Native tokens of state-of-the-art public & permissionless Blockchains like Bitcoin or Ethereum are part of the incentive scheme to encourage a disparate group of people who do not know or trust each other to organize themselves around the purpose of a specific blockchain. The native token of the Bitcoin network also referred to as Bitcoin, has token governance rulesets based on crypto-economic incentive mechanisms that determine under which circumstances Bitcoin transactions are validated, and new blocks are created.

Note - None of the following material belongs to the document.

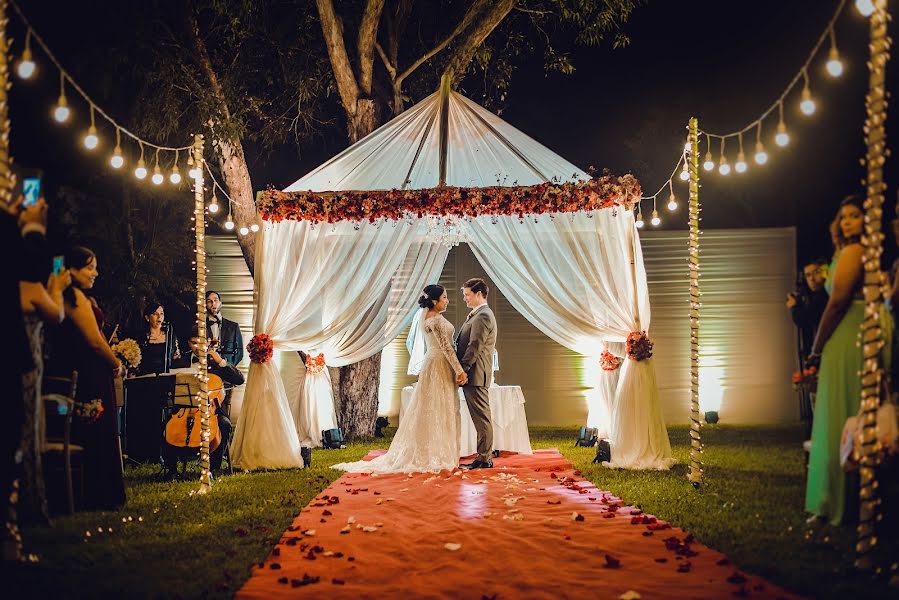 Photographe de mariage Bruno Urbina (brunoneptuno). Photo du 29 septembre 2017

These blockchain-based cryptographic tokens enable “distributed Internet tribes” to emerge. Unlike traditional companies structured in a top manner with many layers of management (bureaucratic coordination), blockchain disrupts classic top-down governance structures with decentralized autonomous organizations (DAOs). DAOs bound people together not by a legal entity and formal contracts but by cryptographic tokens (incentives) and fully transparent rules written into the software.

Source: https://blockchainhub.net/tokens/

The Bitcoin Network can be seen as the first true DAO that provides an infrastructure for money without banks and bank managers and has stayed attack resistant and fault-tolerant since the first block was created in 2009. No central entity controls Bitcoin. In theory, only a worldwide power outage could shut down Bitcoin.

Source: https://blockchainhub.net/tokens/

With the advent of Ethereum, however, tokens have moved up the technology stack and can now be issued on the application layer as dApp tokens or DAO tokens. Smart contracts on the Ethereum Blockchain enable the creation of tokens with complex behaviors attached to them. Today, the token concept is central to most social and economic innovations developed with blockchain technology.

Source: https://blockchainhub.net/tokens/

Only permissionless ledgers (public Blockchains like Bitcoin or Ethereum) need some incentive mechanism to guarantee that block validators do their job according to the predefined rules. In permissioned (federated/consortium/private) distributed ledger systems, validators and block-creators may be doing their job for different reasons: i.e., if they are contractually obligated to do so. In permissioned environments, validators can only be members of the club and are manually and centrally controlled. Permissioned ledgers, therefore, don’t need a token. Also, please note that the term blockchain in the context of such ledgers is highly controversial.